COURTESY THE ARTIST AND BRIDGET DONAHUE, NYC
Finally, British artist Russell’s 45-minute animation SQRRL/BRUCE WILLIS (2015) utilizes text, illustration, animation, and GIFs to tell the improbable tale of a futuristic society where humans extend their lifespans by downloading their consciousnesses into smaller animals. This is science fiction that is definitely not high-tech, with a whispered storyline and jumpy animations based on drawings by the artist. Despite its preoccupation with such up-to-the minute topics as right-wing Christianity, capitalism, and global warming, the film reads more like a children’s book.
All three pieces exemplify the transformation that video has undergone in recent years, one allowing for much more idiosyncratic works to emerge even as the technology becomes ever more accessible. Rose, Biggs, and Russell each combine strategies of the past—appropriation, performance, fractured narrative, deconstruction of the spectacle—to come up with big creative visions that defy categorization.
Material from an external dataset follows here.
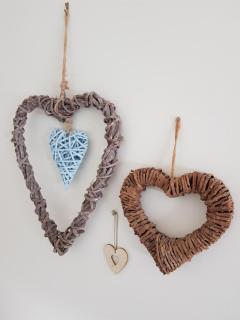 Bancroft Apartment - 2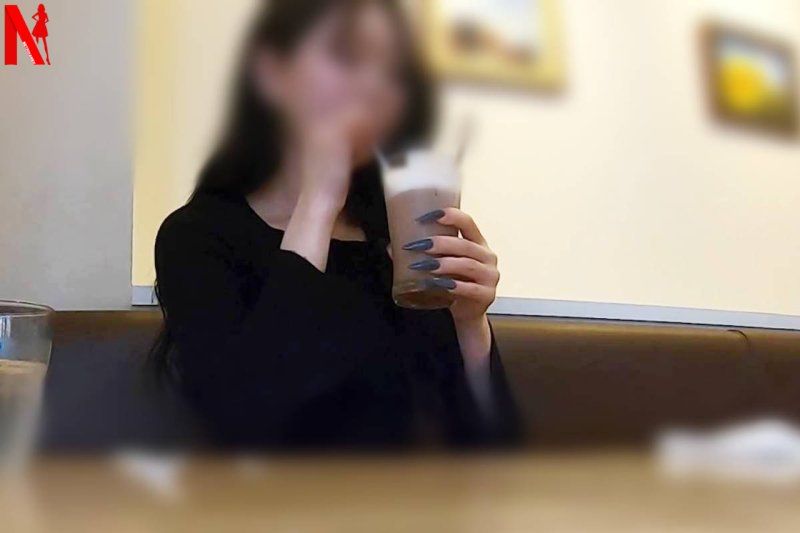 お宝級の美女！！【彼氏に内緒で！】身バレNGの超SSS級のスタイル抜群美女との絶頂SEX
It is just this combination of accessibility and ambiguity that lends works like these—often lumped together as “post-Internet” art—their power. To me, video’s ability to blur the line between art and utility, to remix history, and to confront us with entirely new visual and narrative idioms—in short, to bewilder, unsettle, and finally to exhilarate—is what gives it strength as a medium. Unfortunately, “Moving Time,” in its determination to reify video as an art form, neglected some of the most challenging art being made today. Mired in the past and in antiquated categories, it failed to point a way to video’s future.